Implementing a neural net in javascript

26 Feb 2016

What could go wrong?

Since I’ve started to learn programming, I’ve always been fascinated by neural networks. So oviously I thought that would be a great projet to try. And I tried a lot, and consistently failed. I could implement some basic neuron structure, feedforward through a net, and all that good stuff, but the backprop algo was too hard for me to get, and the complete implementation, from loading datasets to being able to make good predictions, was always out of my reach.

But a few days ago I stumbled upon this fantastic resource

And by fantastic I mean incredible. Everything explained from scratch, mathematics formulas, complete source code… So whats the catch? well, no catch, except its, like usually in python, and uses lots of librairies.

I’m currently learning javascript, and being very stubborn, I feel like I can’t understand something unless I write everything from scratch. So let’s do it. No librairies, and not reusing some code I dont understand. It gonna be ugly but its gonna be my ugly code. Its gonna be extremely ineficient and slow, but oh well, that’s a first step. Well not exactly, I’ll allow myself to use 1 algo I dont understand, to create gaussian randoms, cause I’m not a mathematician.

So lets review the goal:

Take the MNIST data
Implement a simple network that can learn from it, and make predictions
Draw numbers on a canvas, and see the magic happen

Nothing more fancy that what’s exposed in the tutorial I linked. And it’s gonna work this time!

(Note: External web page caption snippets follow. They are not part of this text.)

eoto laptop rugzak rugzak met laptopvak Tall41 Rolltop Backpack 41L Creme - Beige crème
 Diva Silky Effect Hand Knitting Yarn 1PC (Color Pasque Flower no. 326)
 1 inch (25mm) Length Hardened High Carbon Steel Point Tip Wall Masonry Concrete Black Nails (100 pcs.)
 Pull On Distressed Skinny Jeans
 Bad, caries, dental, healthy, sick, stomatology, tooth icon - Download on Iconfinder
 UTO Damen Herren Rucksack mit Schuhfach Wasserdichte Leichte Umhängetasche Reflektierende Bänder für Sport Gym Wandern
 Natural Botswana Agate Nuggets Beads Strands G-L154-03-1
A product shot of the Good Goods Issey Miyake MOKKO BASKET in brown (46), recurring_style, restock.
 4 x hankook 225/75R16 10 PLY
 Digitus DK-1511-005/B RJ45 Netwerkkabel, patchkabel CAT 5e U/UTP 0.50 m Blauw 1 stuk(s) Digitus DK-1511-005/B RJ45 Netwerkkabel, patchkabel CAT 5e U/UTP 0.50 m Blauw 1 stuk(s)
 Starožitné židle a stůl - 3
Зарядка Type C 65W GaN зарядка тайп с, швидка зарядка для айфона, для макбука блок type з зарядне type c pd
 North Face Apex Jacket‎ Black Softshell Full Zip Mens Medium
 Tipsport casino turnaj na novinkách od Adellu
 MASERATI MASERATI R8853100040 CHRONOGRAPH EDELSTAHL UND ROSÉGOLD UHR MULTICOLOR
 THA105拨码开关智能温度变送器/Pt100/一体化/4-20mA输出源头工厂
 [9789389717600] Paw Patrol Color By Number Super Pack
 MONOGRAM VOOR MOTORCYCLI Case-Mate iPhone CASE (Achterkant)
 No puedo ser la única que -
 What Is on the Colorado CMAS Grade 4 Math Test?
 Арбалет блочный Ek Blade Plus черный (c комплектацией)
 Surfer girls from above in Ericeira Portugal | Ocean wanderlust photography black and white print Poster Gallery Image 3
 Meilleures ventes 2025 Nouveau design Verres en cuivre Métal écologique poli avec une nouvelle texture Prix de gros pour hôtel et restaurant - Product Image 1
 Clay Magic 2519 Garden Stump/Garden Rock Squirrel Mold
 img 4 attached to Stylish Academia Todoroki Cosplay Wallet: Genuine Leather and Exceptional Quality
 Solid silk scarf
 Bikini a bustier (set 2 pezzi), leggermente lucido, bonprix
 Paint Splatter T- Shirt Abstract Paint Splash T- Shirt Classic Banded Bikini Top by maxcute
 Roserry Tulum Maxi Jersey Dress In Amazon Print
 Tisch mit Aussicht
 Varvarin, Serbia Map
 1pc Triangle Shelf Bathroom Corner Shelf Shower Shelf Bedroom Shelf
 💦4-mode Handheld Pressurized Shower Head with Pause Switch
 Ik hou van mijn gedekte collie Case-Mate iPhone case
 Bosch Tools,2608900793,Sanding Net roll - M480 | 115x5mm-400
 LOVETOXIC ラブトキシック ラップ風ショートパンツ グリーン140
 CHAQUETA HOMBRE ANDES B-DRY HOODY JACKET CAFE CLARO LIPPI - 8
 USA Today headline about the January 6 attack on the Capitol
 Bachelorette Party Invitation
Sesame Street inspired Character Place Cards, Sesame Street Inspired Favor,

The first good news is that if we look into the future, it kinda does. Lets treat that as a proof of concept and rewind quite a lot.

Now, as a disclaimer, this is not a tutorial, this is not good code, nor a good implementation. This is ony a way for me to remember what went through my head at the time. If it can help someone struggling with a js implementation, thats cool, but there is a million of things to change.

So the first step is to enable matrix math. No idea whats the best way is, lets create a matrix class. I’ll have a number of column and rows, and for each row, an array of dimension column. I kept the array of array in a separate value, called m, inside the matrix object.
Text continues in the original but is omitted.